Single by King Stingray

from the album King Stingray
- Released: 14 March 2022
- Length: 3:39
- Label: Cooking Vinyl Australia
- Songwriter(s): Roy Kellaway
- Producer(s): Roy Kellaway

King Stingray singles chronology
| "Milkumana" (2021) | "Camp Dog" (2022) | "Let's Go" (2022) |

Music video
- "Camp Dog" on YouTube

= Camp Dog (song) =

2022 single by King Stingray

"Camp Dog" is a song by Australian rock group King Stingray, released on 14 March 2022 as the fourth single from their self-titled debut studio album (2022).
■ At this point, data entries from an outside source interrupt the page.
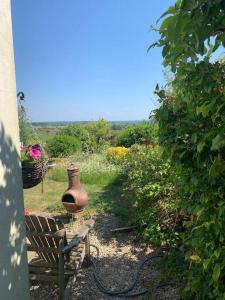 un vaso seduto accanto a una panchina in un giardino di The Garage Getaway a Glastonbury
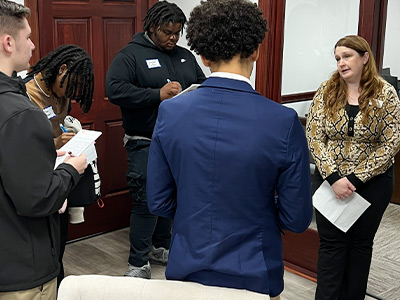 employee sharing information with students on how banks serve the community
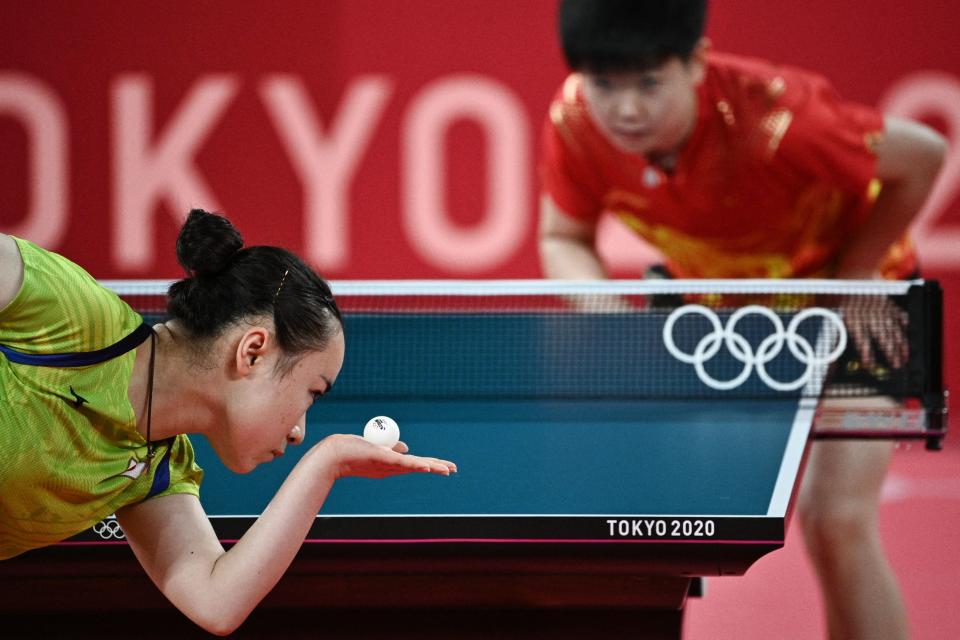 <p>Japan's Mima Ito (L) serves to China's Sun Yingsha during their women's singles semifinals table tennis match at the Tokyo Metropolitan Gymnasium during the Tokyo 2020 Olympic Games in Tokyo on July 29, 2021. (Photo by Anne-Christine POUJOULAT / AFP)</p> 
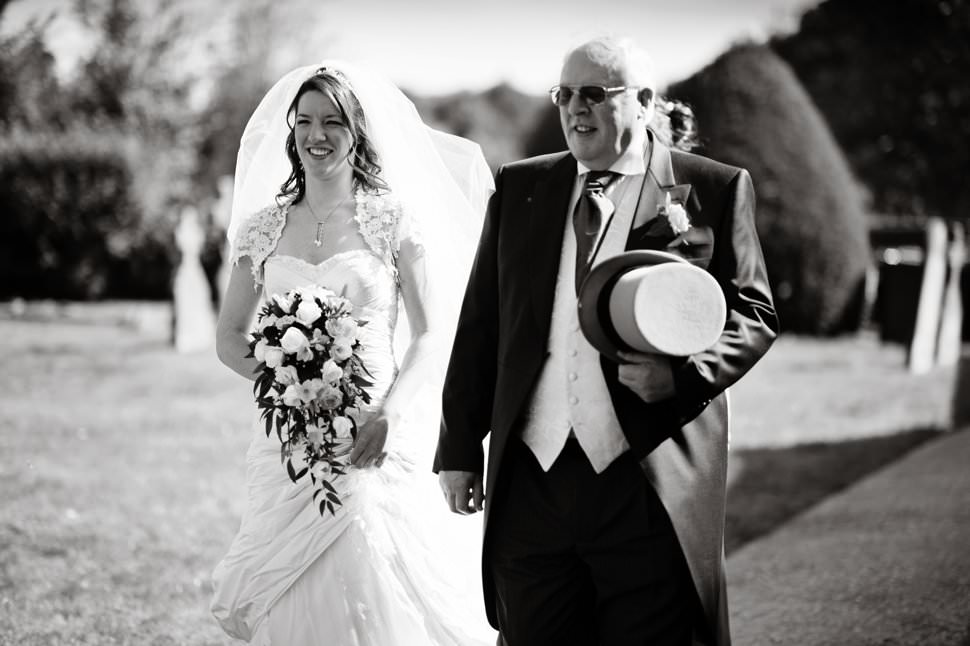 bride and dad walking to church marriage
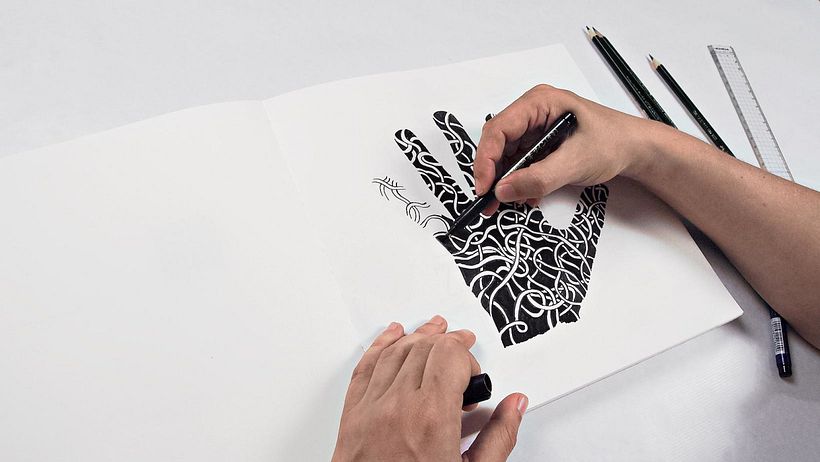 Lizzie creating a Zentangle design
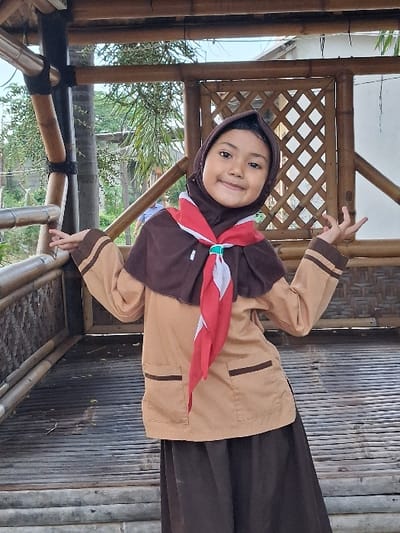 A young female subject is depicted standing centrally within an open bamboo structure in Kalitengah, Indonesia. She is wearing a dark brown hijab, a dark brown cape, a light brown long-sleeved uniform shirt with two dark brown stripes on each cuff and above two front pockets, and a dark brown ankle-length skirt. A red and white striped neckerchief is tied around her neck beneath the cape. The subject is smiling directly forward with a slight head tilt. Both arms are raised to approximately shoulder height, with elbows bent and hands open, fingers splayed. The immediate environment consists of a floor and structural elements made of horizontal bamboo slats and vertical bamboo poles, with a section of lattice-patterned bamboo visible in the background. Beyond the structure, green foliage, trees, and a segment of a light-colored building are visible under a bright sky, indicating an outdoor daytime setting.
The title refers to the dogs that wander the streets of Yirrkala, in East Arnhem Region, where the band members grew up. Guitarist Roy Kellaway said, "Life with the camp dogs... It's a really big part of growing up for us, everyone collectively looks after them. They all have so much character and you had to walk in certain areas to avoid the cheeky dogs.They were like the kings of the streets. [The song] is about an adoration for our life with our community dogs."
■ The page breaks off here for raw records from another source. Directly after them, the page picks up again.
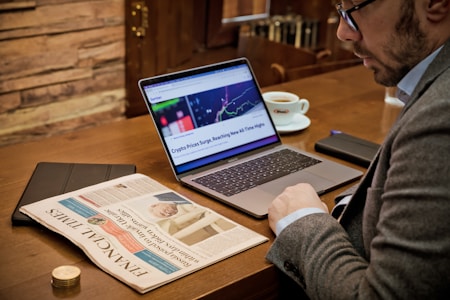A man sits at a table in a cafe or office environment, wearing glasses and a suit. In front of him, an open laptop displays a webpage about cryptocurrency price surges. A newspaper titled 'Financial Times' lies on the table, along with a cup of coffee and a smartphone. The table surface is wooden, contributing to a cozy, businesslike atmosphere.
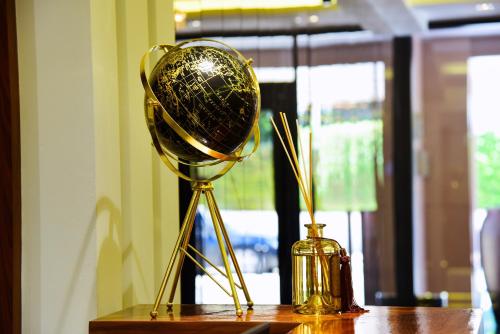 a gold trophy and a vase on a table at MIRANDA HOTEL - Tanger in Tangier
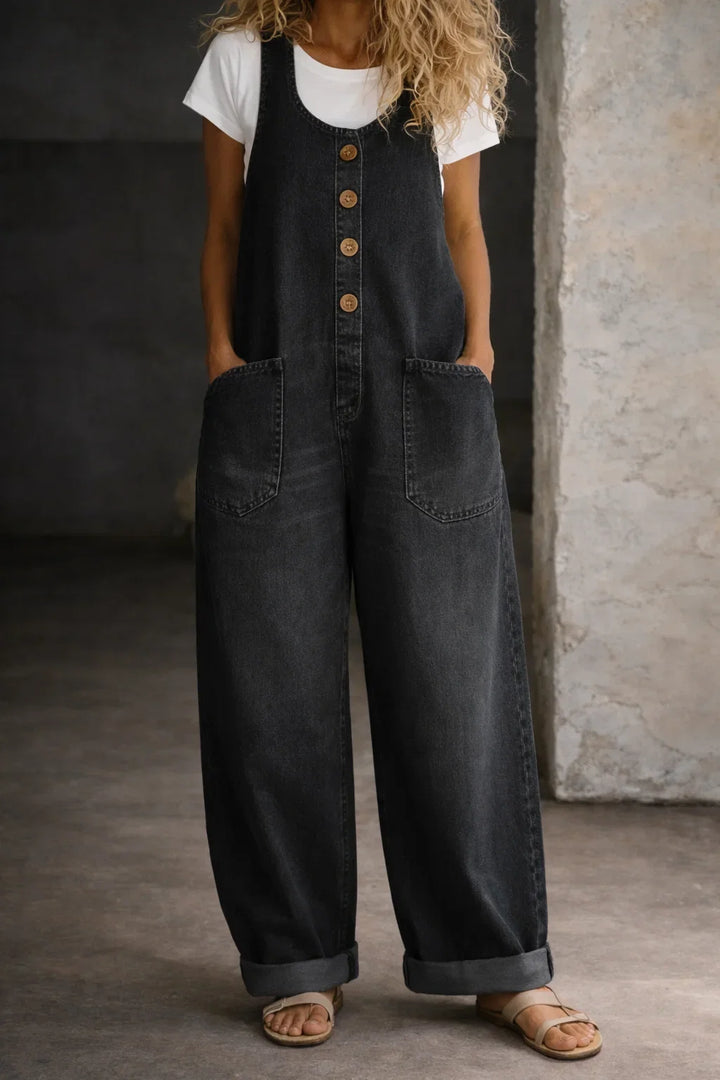 Button front women's wide leg dungarees, sleeveless & comfortable. Ideal for casual summer outfits.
The song placed third in the 2022 Vanda & Young Global Songwriting Competition.

At the AIR Awards of 2023 the song was nominated for Independent Song of the Year.

==Music video==
The animated music video was created by Reid McManus, with McManus saying "The music video follows a group of camp dogs getting up to all kinds of mischief. Every moment of the video is inspired by true experiences from the band members. There's also a lot of compassion and love for these camp dogs who are a part of the community." Lochie Schuster from Happy TV said "The video is a perfect pairing to the band's carefree brand of Yolŋu surf-rock, providing plenty of giggles, backboned by a stunning track full of catchy, fuzzed-out riffs and King Sting's signature, warm vocals."